Back to the cab, eventually we made it to Ghazor Khan. The fun was just beginning. I found 2 guesthouses, as listed in lonely planet, both were definitely closed. When you’re lugging a rucksack around in the hot sun, hopelessly, there comes a point when you just stop and collapse, and say to yourself, ‘Please, no more. This isn’t working. I need food and coffee, now‘. It’s usually at this point a miracle occurs. Something always happens right at the point where you’re about to give up and consign yourself to finally living that fear where there is no accommodation, anywhere, so you just sit on a curb somewhere til the sun comes up. It’ll happen one day, not today though. I heard voices in the distance, so climbed a steep road and saw a guy fixing his car. He hadn’t heard me approaching, so rather than just keep walking and scare the living shit out of him by suddenly appearing right next to him, I made my presence known when I was some 20 metres away, ‘Salaam’. He looked up, with an expression that said, ‘Whoa, wasn’t expecting to see that’. I said ‘o-tel’, with desperation creeping in to my voice. He pointed to the top of a hill. He’s either fucking with me, by making me climb another hill for no reason, or he’s serious. I had nothing to lose, I’ll probably end up drifting into the Caspian Hinterland, oh well. It was the jackpot. A guy saw me coming and excitedly jumped out of his chair, saying ‘yes, yes, yes, this way, good room for you!’ It was a great moment. He hadn’t had a customer in 2 years, I hadn’t eaten in 10 hours, we embraced. The room was a sight for sore-eyes – big, bright, with kitchen, veranda, hot shower and, drumroll… western toilet. I can’t tell you how happy I was to see a western toilet, and one that didn’t smell like raw death. Plus a nice little cat who followed me during my struggles. He’d go missing, then pop out from some bushes, go missing again before finally showing up when I’d settled into the new room. He meowed like he was screaming, but apart from that he was good. There was even a kettle to boil my coffee. ‘Im staying put for a few days’, I thought. The first night I thought of nothing but the morning, where I’ll be able to have coffee on the veranda, and read the New Yorker on the iPad #yuppie. I can’t wait, it’s gonna be so good. My mate cooked me dinner, and breakfast, and lunch, and dinner etc.
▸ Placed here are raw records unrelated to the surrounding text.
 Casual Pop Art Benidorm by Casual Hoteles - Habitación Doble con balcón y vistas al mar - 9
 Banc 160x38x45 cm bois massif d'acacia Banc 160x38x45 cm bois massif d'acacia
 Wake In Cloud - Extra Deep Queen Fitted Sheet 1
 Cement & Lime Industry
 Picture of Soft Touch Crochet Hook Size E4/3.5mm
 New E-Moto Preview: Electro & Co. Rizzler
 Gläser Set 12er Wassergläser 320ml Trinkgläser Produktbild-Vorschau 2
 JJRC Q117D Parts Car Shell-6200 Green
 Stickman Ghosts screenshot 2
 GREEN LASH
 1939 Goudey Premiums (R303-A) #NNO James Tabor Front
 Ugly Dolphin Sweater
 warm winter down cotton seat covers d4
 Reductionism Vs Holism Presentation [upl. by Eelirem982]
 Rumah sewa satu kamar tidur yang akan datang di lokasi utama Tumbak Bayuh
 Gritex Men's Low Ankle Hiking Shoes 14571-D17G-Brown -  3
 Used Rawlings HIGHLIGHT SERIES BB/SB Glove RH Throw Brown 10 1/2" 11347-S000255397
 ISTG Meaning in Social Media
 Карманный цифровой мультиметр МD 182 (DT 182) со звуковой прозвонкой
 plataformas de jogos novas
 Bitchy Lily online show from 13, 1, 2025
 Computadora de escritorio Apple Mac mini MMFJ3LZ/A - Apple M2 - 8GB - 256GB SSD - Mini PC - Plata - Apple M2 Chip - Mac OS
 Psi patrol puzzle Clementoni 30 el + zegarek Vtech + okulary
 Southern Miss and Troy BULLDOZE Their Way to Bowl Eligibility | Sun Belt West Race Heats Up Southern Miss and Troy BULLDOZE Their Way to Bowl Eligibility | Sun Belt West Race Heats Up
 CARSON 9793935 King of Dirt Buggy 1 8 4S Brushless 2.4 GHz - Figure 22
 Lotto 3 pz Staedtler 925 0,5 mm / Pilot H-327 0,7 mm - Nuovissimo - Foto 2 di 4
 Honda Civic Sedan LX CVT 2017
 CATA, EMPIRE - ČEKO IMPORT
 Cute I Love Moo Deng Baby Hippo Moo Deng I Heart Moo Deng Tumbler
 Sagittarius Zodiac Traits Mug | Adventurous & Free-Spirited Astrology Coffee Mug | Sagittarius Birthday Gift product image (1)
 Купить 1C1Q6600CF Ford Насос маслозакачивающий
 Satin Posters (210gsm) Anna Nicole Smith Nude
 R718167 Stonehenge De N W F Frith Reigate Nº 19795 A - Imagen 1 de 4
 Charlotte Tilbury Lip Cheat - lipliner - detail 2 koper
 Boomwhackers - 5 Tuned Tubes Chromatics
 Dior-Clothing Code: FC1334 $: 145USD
Each meal was about £2. The room was about £10. Right in the middle of gigantic, endless mountains. The ecstasy.

The Agony

The ecstasy was short lived, as on day 2 there was an invasion. Two car loads of local tourists struck with lethal force, completely surrounding my room. It was chaos. What amazed me was how they never ever stopped for a single breath, they just spoke incessantly, all of them, all the time. On my day of departure, I had to be up at 6:00 to get my ride, and get this – they were already up yapping away. ‘For fucks sake’ I thought, ‘this is ridiculous’. As I passed their room to get in the car, I banged on their door, ‘Don’t you motormouths ever shut up? Fuckwits!’. I continued, ‘What about the serenity? You can’t enjoy the serenity if you’re always yelling at each other. How’s the bloody serenity!!’. I said that a lot to myself before they arrived, ‘How’s the serenity. Oh, look at the cat (the cat staring blankly into the distance), how’s the serenity’.